Главное же в этой своеобразно-русской позиции Ломоносова то, что он может, не переставая быть самим собою, как бы сделаться на время Анакреоном и Катоном. Включить в себя жизненную философию каждого из них, сознавая при этом, что его дух от этого «включения», «вбирания в себя» чужой точки зрения на мир не заполнен до отказа, что остается еще, говоря словами Гоголя, «бездна пространства».

4

Все мы знаем высказывание Достоевского о том, что гений Пушкина нес в себе «способность всемирной отзывчивости». «И эту-то способность, главнейшую способность нашей национальности, — пояснял Достоевский, — он именно разделяет с народом нашим, и тем, главнейше, он и народный поэт». Думается, не будет натяжкою сказать, в свете приведенного разбора «Разговора с Анакреоном», что в Ломоносове мы имеем отдаленного пушкинского предшественника в этом направлении.

Объяснимся подробнее. Вспомним знаменитые слова Ломоносова о русском языке: «Повелитель многих языков, язык российский не токмо обширностию мест, где он господствует, но купно и собственным своим пространством и довольствием велик перед всеми в Европе...» и т. д.

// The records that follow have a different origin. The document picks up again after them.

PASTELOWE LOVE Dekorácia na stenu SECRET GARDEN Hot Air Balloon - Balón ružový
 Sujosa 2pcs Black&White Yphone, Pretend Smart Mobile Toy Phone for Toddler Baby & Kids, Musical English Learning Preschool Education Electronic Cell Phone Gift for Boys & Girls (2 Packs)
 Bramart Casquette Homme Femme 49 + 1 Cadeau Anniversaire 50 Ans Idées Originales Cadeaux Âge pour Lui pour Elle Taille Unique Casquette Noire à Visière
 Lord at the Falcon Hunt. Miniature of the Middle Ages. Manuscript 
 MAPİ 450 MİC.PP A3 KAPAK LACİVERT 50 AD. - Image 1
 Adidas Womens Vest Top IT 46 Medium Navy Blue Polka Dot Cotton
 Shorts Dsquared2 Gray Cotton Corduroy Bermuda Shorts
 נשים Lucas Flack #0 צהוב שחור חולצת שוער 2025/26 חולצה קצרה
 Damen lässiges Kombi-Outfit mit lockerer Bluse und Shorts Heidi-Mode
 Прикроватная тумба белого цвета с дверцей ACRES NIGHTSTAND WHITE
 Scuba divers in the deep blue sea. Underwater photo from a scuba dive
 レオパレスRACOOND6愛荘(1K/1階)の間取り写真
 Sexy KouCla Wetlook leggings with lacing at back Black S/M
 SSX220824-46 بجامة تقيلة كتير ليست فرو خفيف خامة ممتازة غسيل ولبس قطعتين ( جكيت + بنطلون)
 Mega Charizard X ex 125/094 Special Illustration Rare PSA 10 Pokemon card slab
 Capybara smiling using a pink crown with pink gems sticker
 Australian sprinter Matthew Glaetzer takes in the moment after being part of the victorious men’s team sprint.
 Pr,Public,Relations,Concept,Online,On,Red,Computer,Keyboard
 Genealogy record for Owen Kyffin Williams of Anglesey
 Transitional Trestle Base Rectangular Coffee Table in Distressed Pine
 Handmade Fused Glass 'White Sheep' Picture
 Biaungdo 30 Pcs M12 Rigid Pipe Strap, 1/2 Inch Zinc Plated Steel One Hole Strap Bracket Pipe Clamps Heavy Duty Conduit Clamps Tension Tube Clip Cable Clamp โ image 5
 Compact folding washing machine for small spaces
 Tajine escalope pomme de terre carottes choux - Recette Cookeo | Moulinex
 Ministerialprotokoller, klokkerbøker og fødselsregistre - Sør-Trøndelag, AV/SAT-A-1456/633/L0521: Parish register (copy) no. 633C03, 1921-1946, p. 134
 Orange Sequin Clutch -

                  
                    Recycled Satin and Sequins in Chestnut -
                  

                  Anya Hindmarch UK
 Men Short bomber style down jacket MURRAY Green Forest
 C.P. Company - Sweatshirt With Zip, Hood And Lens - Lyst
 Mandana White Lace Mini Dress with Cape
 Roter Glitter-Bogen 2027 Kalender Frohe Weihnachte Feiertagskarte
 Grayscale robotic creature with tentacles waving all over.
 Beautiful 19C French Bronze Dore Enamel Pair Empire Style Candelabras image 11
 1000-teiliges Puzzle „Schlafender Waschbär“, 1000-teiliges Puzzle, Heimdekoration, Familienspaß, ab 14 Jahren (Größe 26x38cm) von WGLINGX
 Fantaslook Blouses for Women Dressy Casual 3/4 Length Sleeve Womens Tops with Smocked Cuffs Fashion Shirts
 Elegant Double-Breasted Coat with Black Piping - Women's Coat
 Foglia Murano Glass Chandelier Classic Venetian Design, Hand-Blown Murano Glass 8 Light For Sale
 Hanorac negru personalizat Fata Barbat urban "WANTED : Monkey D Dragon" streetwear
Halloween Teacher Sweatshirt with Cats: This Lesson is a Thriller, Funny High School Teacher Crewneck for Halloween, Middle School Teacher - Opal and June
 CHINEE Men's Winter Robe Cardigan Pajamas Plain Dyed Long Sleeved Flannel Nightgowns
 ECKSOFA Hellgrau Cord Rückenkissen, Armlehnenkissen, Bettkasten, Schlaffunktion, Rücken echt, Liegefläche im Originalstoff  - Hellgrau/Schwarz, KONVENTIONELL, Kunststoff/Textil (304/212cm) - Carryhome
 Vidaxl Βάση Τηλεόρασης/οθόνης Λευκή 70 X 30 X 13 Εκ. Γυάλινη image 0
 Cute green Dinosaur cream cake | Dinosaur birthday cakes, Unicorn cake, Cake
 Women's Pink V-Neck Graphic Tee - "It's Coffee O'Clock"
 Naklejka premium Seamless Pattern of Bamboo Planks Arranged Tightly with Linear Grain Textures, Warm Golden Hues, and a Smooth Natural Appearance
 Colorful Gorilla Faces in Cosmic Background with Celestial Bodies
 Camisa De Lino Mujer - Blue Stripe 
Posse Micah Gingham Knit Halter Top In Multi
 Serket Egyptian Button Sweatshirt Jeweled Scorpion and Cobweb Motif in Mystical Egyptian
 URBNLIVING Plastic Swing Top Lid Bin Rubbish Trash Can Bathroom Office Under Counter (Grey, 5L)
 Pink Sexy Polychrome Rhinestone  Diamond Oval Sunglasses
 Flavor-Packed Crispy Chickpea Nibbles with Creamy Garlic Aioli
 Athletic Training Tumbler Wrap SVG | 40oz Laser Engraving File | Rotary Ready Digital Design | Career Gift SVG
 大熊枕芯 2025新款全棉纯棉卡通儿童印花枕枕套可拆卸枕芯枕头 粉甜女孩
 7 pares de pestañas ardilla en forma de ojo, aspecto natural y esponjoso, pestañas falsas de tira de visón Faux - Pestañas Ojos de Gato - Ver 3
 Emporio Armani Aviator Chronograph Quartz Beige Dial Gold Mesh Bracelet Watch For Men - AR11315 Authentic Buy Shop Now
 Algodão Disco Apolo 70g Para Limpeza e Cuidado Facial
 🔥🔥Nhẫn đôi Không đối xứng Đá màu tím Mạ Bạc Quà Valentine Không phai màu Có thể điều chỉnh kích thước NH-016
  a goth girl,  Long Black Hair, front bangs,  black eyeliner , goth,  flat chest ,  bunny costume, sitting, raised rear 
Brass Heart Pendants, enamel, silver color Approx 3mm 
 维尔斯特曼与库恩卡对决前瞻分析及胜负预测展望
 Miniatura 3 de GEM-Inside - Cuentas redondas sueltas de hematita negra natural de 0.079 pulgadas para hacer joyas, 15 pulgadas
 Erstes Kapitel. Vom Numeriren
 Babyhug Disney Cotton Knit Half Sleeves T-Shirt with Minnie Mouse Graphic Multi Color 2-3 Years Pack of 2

По сути дела, здесь разговор идет не только о преимуществах русского языка перед другими, но и об изначальной способности русского сознания вмещать в себя «гении других народов», что не могло не отразиться в самом строе и духе русского языка.

Ломоносов с блеском подтвердил это в своей литературной деятельности. Конечно, между ним и Пушкиным в этом отношении — дистанция огромная, но и огромна-то она именно потому, что Пушкин пришел после Ломоносова. И если бы не титанические усилия Ломоносова, направленные на практическую реализацию в поэзии скрытых, но гениально подмеченных им «интернациональных», что ли, потенций русского слова, то явление Пушкина вряд ли отличалось бы тем всемирным, всечеловеческим пафосом, о котором говорил Достоевский.